* Source material:
•••
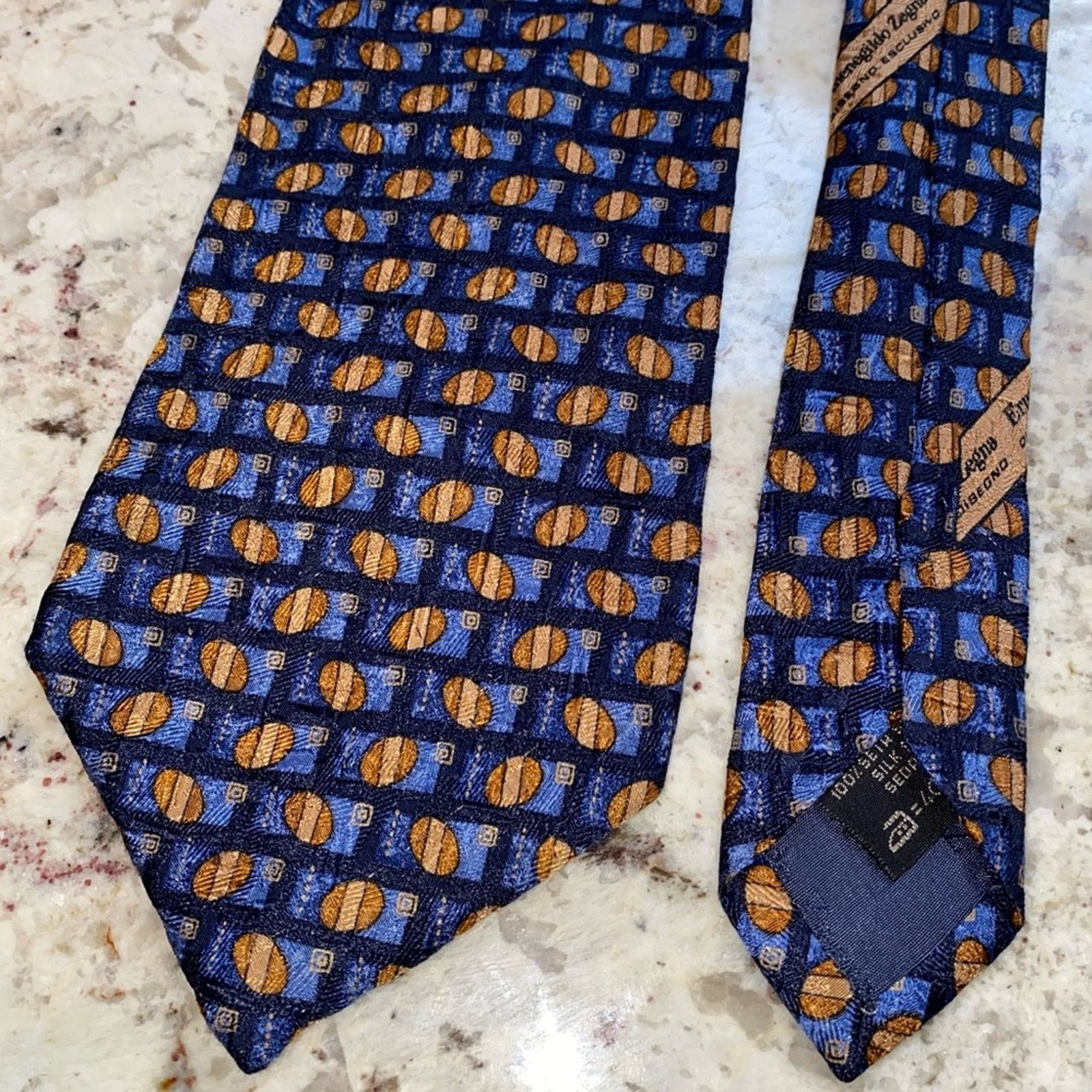 Ermenegildo Zegna ERMENEGILDO ZEGNA $210 Mens Blue Print Silk Necktie Tie EUC Size ONE SIZE - 5 Thumbnail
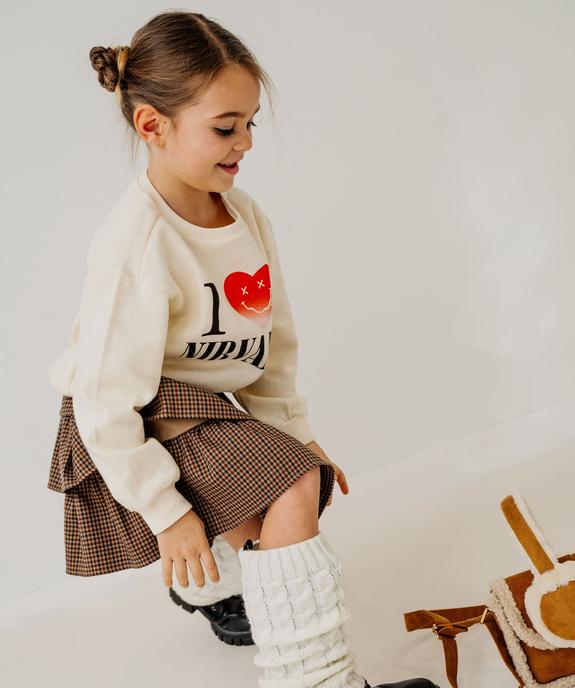 Sweat en molleton doux imprimé fille - Nirvana vue5 - NIRVANA - GEMO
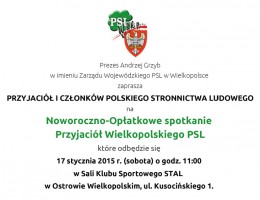 Noworoczno-Opłatkowe spotkanie Przyjaciół Wielkopolskiego PSL
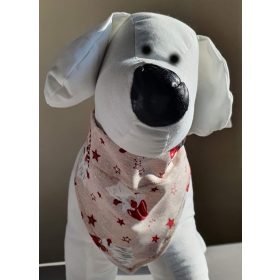   Karácsonyi manó mintás pamutvászon kendő kutyáknak - méret: S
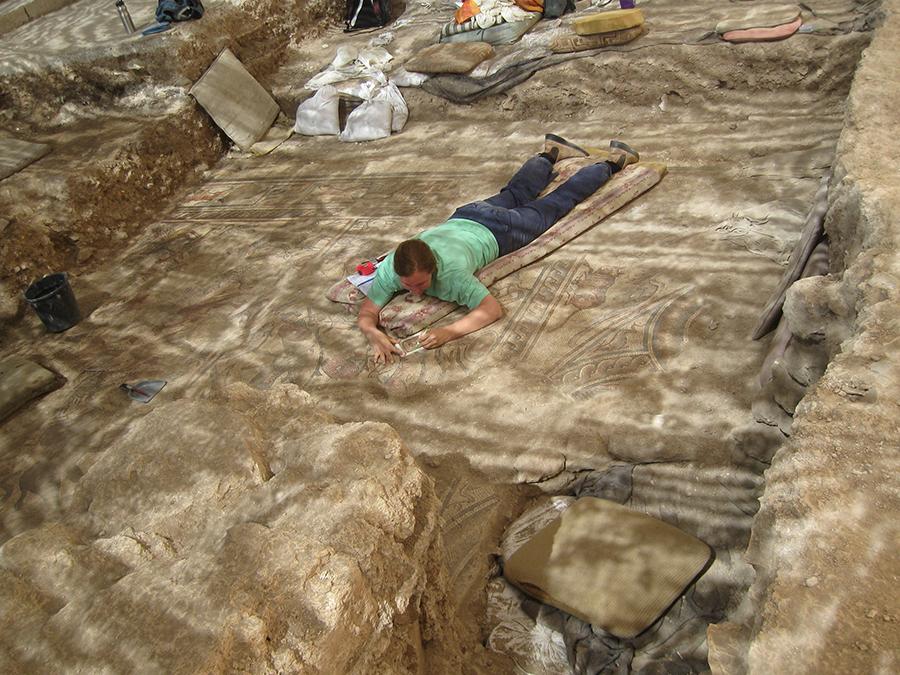 Dr. Karen Britt is pictured working on mosaics at Huqoq. (Submitted photo by Jim Haberman)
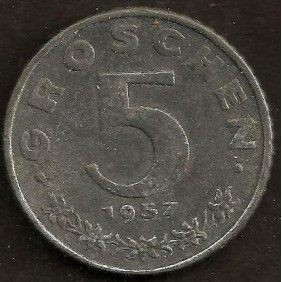 AUSTRIA 5 Groschen 1957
•••
* Exercise requirements: Copy the records exactly, leaving out every picture.

* Answer section:
 Ermenegildo Zegna ERMENEGILDO ZEGNA $210 Mens Blue Print Silk Necktie Tie EUC Size ONE SIZE - 5 Thumbnail
 Sweat en molleton doux imprimé fille - Nirvana vue5 - NIRVANA - GEMO
 Noworoczno-Opłatkowe spotkanie Przyjaciół Wielkopolskiego PSL
   Karácsonyi manó mintás pamutvászon kendő kutyáknak - méret: S
 Dr. Karen Britt is pictured working on mosaics at Huqoq. (Submitted photo by Jim Haberman)
 AUSTRIA 5 Groschen 1957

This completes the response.